When last I wrote about Jen Lancaster, I was reading her novel If You Were Here and loving it. I mentioned at the time that she had written Jeneration X, another memoir that sends her back to her roots of Bitter is the New Black and my all-time favorite, Such a Pretty Fat.
By the way, I now always say "Memoir" the way John Malkovich said it in Burn after Reading; "Mem-Wah" because that movie was mad hilarious and you need to go watch it now, for Brad Pitt playing a gay personal trainer who is faaaaaaaaaaaabulous if for nothing else.
Anyway, Jeneration X is a bit different than Lancaster's usual style (have I determined yet if I can call her Jen? I think I decided I could...) since every chapter is more of a bullet point than a cohesive story, but it works for her. Basically, Jen is finally growing up, and each chapter represents a life lesson that she has learned. She does sometimes contrast in the Millennial generation to prove her point, but she mostly pinpoints Generation X, which I am a part of, and you are too if you were born between 1960 and 1980. Basically, there are all sorts of issues that we Gen-Xers have to deal with that our parents didn't, and how it affects us and our interactions with the generations we are sandwiched between.
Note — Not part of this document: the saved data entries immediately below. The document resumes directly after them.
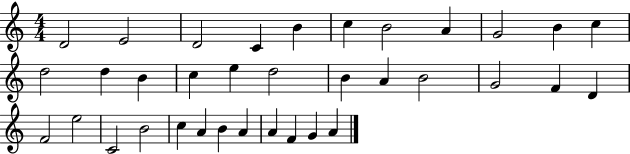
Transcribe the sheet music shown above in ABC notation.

X:1
T:Untitled
M:4/4
L:1/4
K:C
D2 E2 D2 C B c B2 A G2 B c d2 d B c e d2 B A B2 G2 F D F2 e2 C2 B2 c A B A A F G A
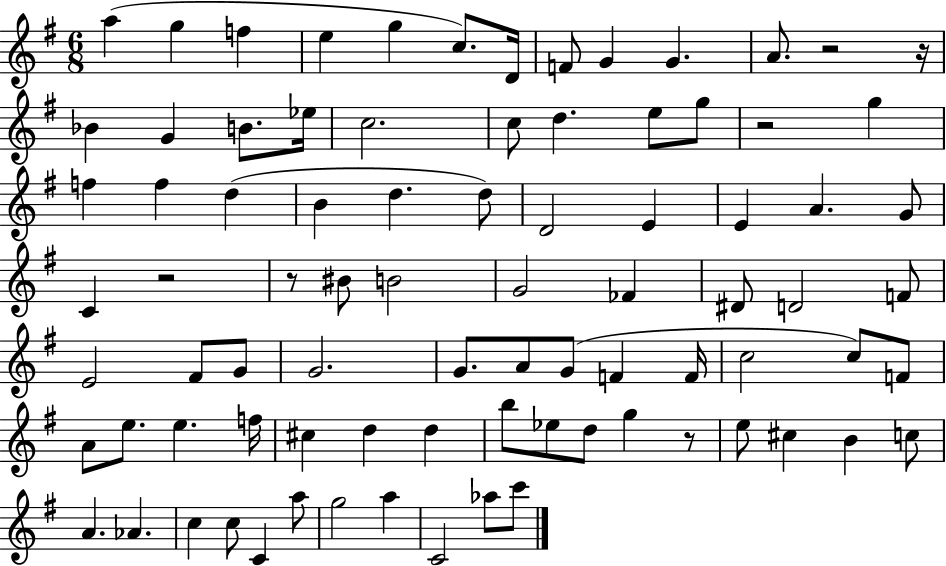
A5/q G5/q F5/q E5/q G5/q C5/e. D4/s F4/e G4/q G4/q. A4/e. R/h R/s Bb4/q G4/q B4/e. Eb5/s C5/h. C5/e D5/q. E5/e G5/e R/h G5/q F5/q F5/q D5/q B4/q D5/q. D5/e D4/h E4/q E4/q A4/q. G4/e C4/q R/h R/e BIS4/e B4/h G4/h FES4/q D#4/e D4/h F4/e E4/h F#4/e G4/e G4/h. G4/e. A4/e G4/e F4/q F4/s C5/h C5/e F4/e A4/e E5/e. E5/q. F5/s C#5/q D5/q D5/q B5/e Eb5/e D5/e G5/q R/e E5/e C#5/q B4/q C5/e A4/q. Ab4/q. C5/q C5/e C4/q A5/e G5/h A5/q C4/h Ab5/e C6/e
Every life lesson is of course peppered with Jen's humor and charm and stories about her dogs and husband and various others in her life (Thun-Thun-Thundercats! Hooooo!)
But every time I read a book by Jen, I always come to the same conclusion: I can never have her in my zombie fighting dream team. And I should, really. I mean, she wields a pretty mean shovel and her husband is practically a Navy Seal (in his dreams), so they should totally be on my list to help me vanquish the undead horde.
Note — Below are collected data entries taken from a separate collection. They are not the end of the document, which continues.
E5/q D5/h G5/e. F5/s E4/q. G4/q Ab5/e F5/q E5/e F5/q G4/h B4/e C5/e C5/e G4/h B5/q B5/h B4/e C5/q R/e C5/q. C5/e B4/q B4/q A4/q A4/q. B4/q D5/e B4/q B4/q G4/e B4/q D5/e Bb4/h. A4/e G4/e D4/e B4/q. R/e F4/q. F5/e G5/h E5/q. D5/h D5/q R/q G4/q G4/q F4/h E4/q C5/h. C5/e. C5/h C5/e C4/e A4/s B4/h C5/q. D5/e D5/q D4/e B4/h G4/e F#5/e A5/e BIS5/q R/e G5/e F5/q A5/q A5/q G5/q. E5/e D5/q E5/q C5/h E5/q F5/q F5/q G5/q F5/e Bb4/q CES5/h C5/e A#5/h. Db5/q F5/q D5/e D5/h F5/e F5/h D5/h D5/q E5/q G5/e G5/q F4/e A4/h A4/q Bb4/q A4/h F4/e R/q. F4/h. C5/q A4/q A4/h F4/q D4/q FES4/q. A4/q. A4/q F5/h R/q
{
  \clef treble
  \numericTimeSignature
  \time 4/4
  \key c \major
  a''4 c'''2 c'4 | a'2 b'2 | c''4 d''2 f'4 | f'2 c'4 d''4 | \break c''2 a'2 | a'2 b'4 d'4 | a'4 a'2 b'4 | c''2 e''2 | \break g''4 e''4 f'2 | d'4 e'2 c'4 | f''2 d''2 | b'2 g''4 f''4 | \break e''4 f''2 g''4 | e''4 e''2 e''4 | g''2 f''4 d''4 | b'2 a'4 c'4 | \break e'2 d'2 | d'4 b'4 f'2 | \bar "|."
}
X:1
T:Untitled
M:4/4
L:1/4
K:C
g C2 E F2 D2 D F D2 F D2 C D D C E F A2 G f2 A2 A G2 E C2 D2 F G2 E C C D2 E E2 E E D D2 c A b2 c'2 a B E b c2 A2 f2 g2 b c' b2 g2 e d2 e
The issue really comes down to the fact that I think Jen and Fletch would naturally start trying to run the whole operation, and that's my job. I promise to be a benevolent overlord, but an overlord nonetheless, and I don't see any future with Jen and Fletch in my batch of freedom fighters that doesn't end with us all dead, leaving the rest of my crew leaderless and, quite frankly, a yummy feast for the zombies. You see, eventually, she would question my authority, and then I'd have to kill her in order to make an example of her, and then Fletch would have to kill me in retaliation, and then whatever hot boy toy I have slobbering after me would have to kill Fletch in retaliation, and it just wouldn't work. In the past, I have thought, "Well, I'm sure they'll be fine after the zombpocalypse happens."
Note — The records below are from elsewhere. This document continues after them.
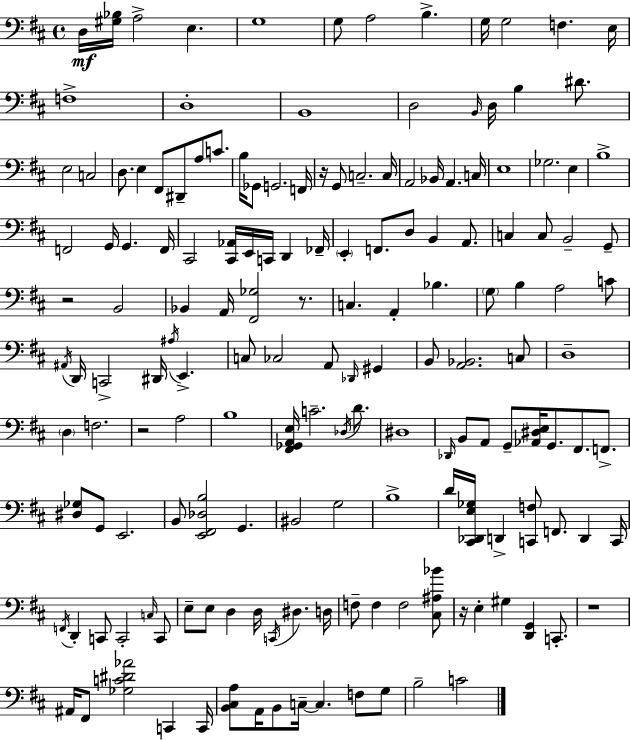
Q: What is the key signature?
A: D major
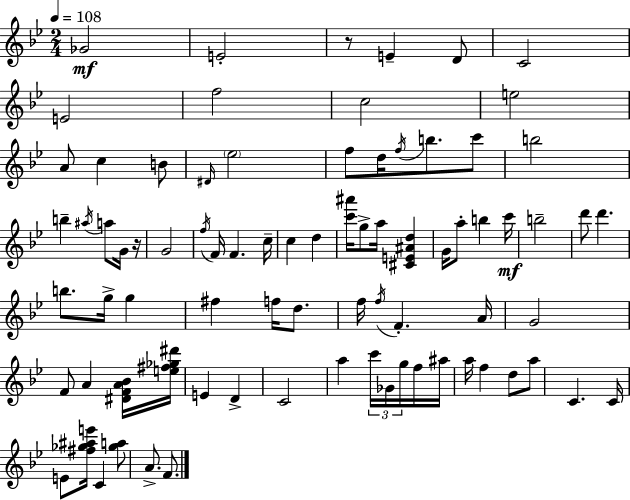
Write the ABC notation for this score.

X:1
T:Untitled
M:2/4
L:1/4
K:Gm
_G2 E2 z/2 E D/2 C2 E2 f2 c2 e2 A/2 c B/2 ^D/4 _e2 f/2 d/4 f/4 b/2 c'/2 b2 b ^a/4 a/2 G/4 z/4 G2 f/4 F/4 F c/4 c d [c'^a']/4 g/2 a/4 [^CE^Ad] G/4 a/2 b c'/4 b2 d'/2 d' b/2 g/4 g ^f f/4 d/2 f/4 f/4 F A/4 G2 F/2 A [^DFA_B]/4 [e^f_g^d']/4 E D C2 a c'/4 _G/4 g/4 f/4 ^a/4 a/4 f d/2 a/2 C C/4 E/2 [^f_g^ae']/4 C [_ga]/2 A/2 F/2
I have, however, found a solution. After reading Jeneration X, it was clear that Jen needs to lead her own troops to safety. Naturally, both she and Fletch will have to work with their friends (hint: not all of your friends will take you seriously when you broach the subject with them. When the zombies attack, these friends will always be "bait" in your zombie attacks) and be responsible for their own cell. I'm not saying we can't work together in the future to trade for food, shelter, or DNA diversity. That's always going to be open between my faction and any other faction that wishes to negotiate peacefully. We will be like America and Canada, willing to live peacefully side-by-side.
The best part is that maybe Jen can start working on her Amish zombie YA novels. Rumspringa-ding-dinga is sure to be a best seller in the post-Z world. Max Brooks stresses that The Arts are going to be the frist thing that everyone will want to abandon once the zombies attack, but that we in our own groups can't let that happen. I'm just betting that Jen will be able to make us laugh so hard as to completely forget for a few minutes that outside of our safe sanctuary, there are hundreds of undead, just waiting to make a meal out of us.
So Jen, Fletch, start working on your plans. We're counting on you.